**Assigned task:** The lines below are to be quoted exactly, from the first through the one that contains "Suncup FSC-certified paperboard".

(Extracted data entries)

^^^^^^^^

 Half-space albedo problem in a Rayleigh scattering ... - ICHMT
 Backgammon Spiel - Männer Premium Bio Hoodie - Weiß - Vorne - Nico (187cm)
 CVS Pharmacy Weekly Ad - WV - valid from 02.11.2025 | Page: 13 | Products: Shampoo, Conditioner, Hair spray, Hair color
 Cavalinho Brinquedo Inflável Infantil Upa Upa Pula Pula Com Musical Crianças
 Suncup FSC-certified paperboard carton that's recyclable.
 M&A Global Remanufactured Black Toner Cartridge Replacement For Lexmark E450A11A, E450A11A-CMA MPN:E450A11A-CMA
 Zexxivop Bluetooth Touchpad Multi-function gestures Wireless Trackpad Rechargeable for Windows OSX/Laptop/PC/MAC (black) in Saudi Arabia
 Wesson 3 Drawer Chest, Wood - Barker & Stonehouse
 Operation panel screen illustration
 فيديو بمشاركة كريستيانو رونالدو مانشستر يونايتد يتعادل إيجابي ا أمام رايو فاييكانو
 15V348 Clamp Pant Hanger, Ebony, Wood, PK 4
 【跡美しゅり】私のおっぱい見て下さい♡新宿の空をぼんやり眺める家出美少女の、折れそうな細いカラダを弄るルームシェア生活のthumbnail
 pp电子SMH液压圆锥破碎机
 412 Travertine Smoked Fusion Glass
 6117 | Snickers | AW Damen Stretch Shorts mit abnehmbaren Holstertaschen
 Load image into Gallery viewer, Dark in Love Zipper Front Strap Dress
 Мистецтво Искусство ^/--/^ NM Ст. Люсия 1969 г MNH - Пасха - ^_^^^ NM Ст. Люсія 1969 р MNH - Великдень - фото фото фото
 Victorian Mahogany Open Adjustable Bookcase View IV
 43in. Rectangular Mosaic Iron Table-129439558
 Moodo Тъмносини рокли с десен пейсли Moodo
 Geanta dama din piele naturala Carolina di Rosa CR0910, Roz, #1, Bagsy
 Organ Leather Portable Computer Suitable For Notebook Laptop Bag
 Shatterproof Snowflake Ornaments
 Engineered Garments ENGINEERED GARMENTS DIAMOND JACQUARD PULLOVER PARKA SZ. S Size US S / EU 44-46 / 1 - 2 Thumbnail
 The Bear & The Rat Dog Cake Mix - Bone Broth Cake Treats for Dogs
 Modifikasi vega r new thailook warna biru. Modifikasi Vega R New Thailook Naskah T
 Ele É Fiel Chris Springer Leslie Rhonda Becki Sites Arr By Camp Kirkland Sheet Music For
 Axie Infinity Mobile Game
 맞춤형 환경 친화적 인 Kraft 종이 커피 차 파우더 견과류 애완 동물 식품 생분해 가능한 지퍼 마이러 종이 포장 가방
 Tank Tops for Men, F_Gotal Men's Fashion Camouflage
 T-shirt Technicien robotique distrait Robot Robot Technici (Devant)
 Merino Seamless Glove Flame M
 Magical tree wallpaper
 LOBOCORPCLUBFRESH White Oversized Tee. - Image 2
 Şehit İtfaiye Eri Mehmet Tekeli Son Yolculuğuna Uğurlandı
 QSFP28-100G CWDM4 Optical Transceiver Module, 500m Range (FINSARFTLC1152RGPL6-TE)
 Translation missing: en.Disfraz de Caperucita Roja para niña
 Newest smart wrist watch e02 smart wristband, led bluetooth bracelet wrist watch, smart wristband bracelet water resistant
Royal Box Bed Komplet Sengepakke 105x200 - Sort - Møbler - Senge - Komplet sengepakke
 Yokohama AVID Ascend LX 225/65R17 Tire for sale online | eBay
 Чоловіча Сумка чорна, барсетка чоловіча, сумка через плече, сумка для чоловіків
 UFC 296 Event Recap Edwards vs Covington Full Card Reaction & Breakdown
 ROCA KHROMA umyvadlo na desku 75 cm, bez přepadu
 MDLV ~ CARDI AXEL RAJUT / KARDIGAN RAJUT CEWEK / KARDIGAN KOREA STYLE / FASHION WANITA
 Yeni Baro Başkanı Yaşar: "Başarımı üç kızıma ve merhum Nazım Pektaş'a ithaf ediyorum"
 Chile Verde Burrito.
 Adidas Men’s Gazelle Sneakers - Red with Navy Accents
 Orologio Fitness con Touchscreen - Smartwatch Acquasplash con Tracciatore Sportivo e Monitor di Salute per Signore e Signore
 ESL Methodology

^^^^^^^^

**Task result:**
 Half-space albedo problem in a Rayleigh scattering ... - ICHMT
 Backgammon Spiel - Männer Premium Bio Hoodie - Weiß - Vorne - Nico (187cm)
 CVS Pharmacy Weekly Ad - WV - valid from 02.11.2025 | Page: 13 | Products: Shampoo, Conditioner, Hair spray, Hair color
 Cavalinho Brinquedo Inflável Infantil Upa Upa Pula Pula Com Musical Crianças
 Suncup FSC-certified paperboard carton that's recyclable.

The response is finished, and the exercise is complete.